Collection entries
┄┄┄┄┄┄

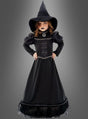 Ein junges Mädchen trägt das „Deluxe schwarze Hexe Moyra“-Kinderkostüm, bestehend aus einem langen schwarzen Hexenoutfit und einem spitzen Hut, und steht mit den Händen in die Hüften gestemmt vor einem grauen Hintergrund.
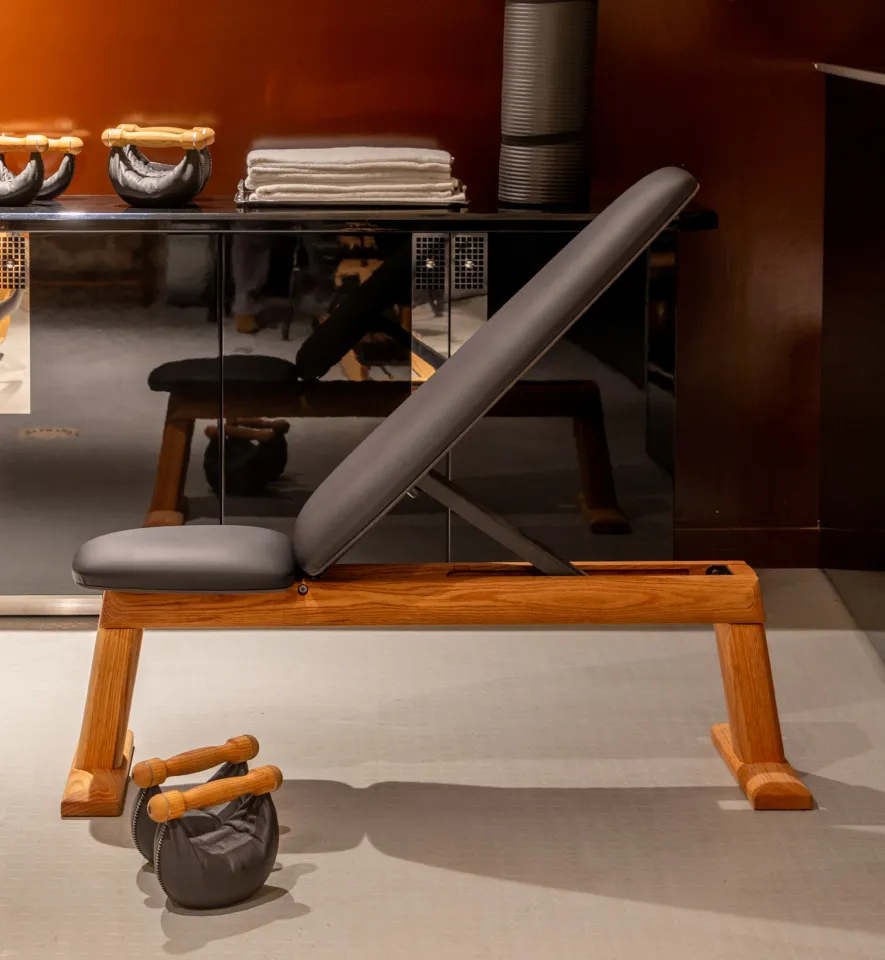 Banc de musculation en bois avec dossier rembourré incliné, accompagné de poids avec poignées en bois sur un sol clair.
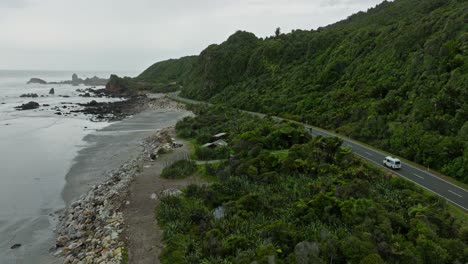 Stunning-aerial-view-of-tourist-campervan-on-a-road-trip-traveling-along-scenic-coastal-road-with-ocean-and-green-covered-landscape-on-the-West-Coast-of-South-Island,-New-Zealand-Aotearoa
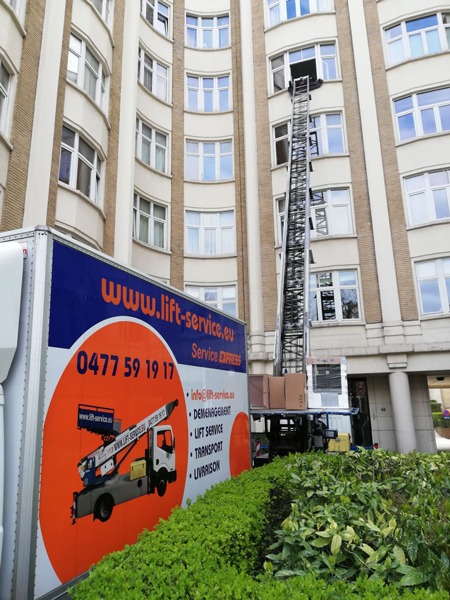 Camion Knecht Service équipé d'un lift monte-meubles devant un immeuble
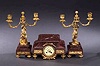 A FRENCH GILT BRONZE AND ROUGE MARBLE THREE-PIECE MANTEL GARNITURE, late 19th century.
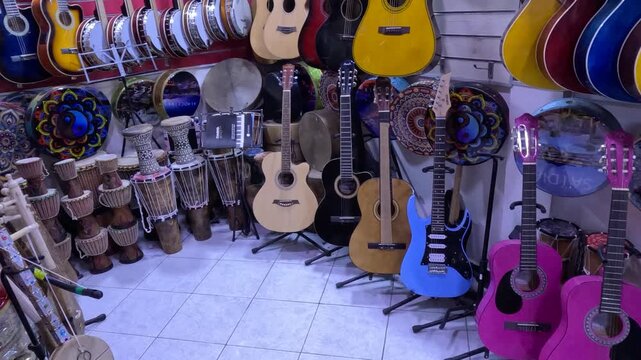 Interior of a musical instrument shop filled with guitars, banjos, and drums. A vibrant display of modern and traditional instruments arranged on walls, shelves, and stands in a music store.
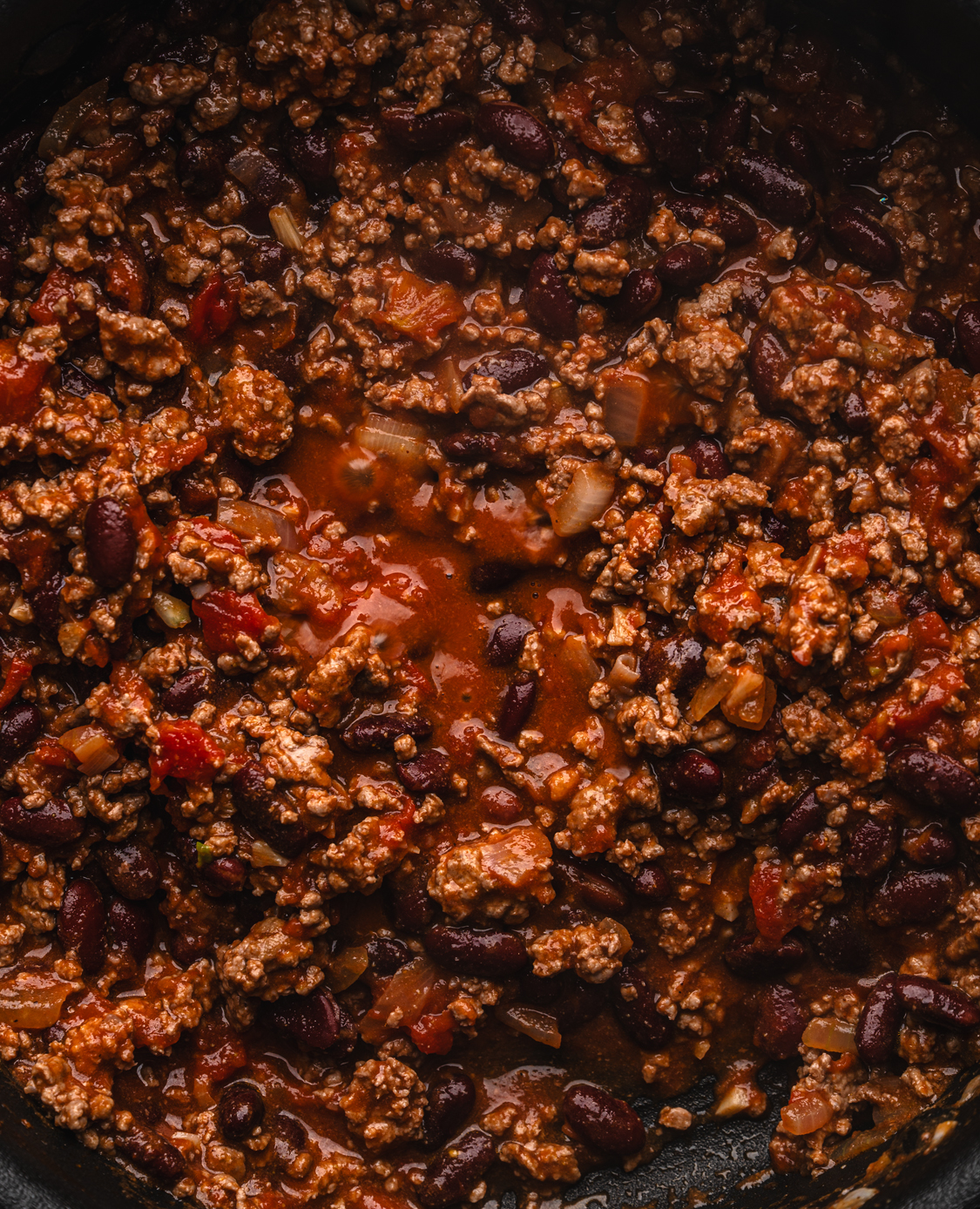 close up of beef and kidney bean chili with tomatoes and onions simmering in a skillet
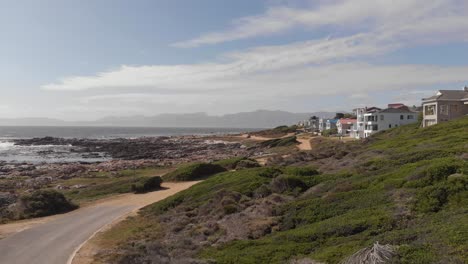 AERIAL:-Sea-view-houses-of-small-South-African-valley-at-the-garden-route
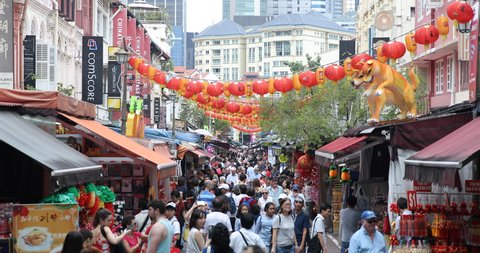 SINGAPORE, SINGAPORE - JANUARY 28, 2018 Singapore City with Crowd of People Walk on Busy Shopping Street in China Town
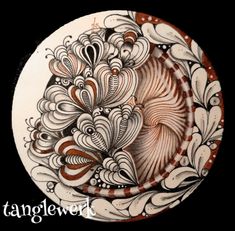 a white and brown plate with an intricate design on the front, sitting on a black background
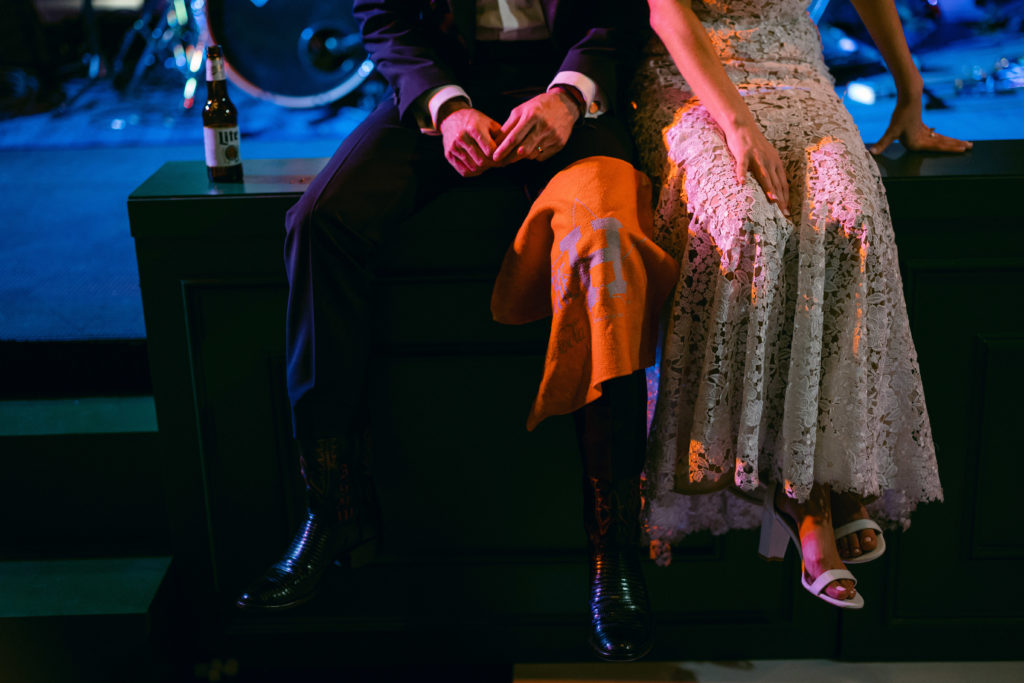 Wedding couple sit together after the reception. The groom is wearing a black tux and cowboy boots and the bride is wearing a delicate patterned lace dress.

┄┄┄┄┄┄

**Work request:**
Take the lines above starting at the one containing "SINGAPORE, SINGAPORE - JANUARY" and ending at the one containing "a white and", and print them again exactly, without pictures.

**Written solution:**
 SINGAPORE, SINGAPORE - JANUARY 28, 2018 Singapore City with Crowd of People Walk on Busy Shopping Street in China Town
 a white and brown plate with an intricate design on the front, sitting on a black background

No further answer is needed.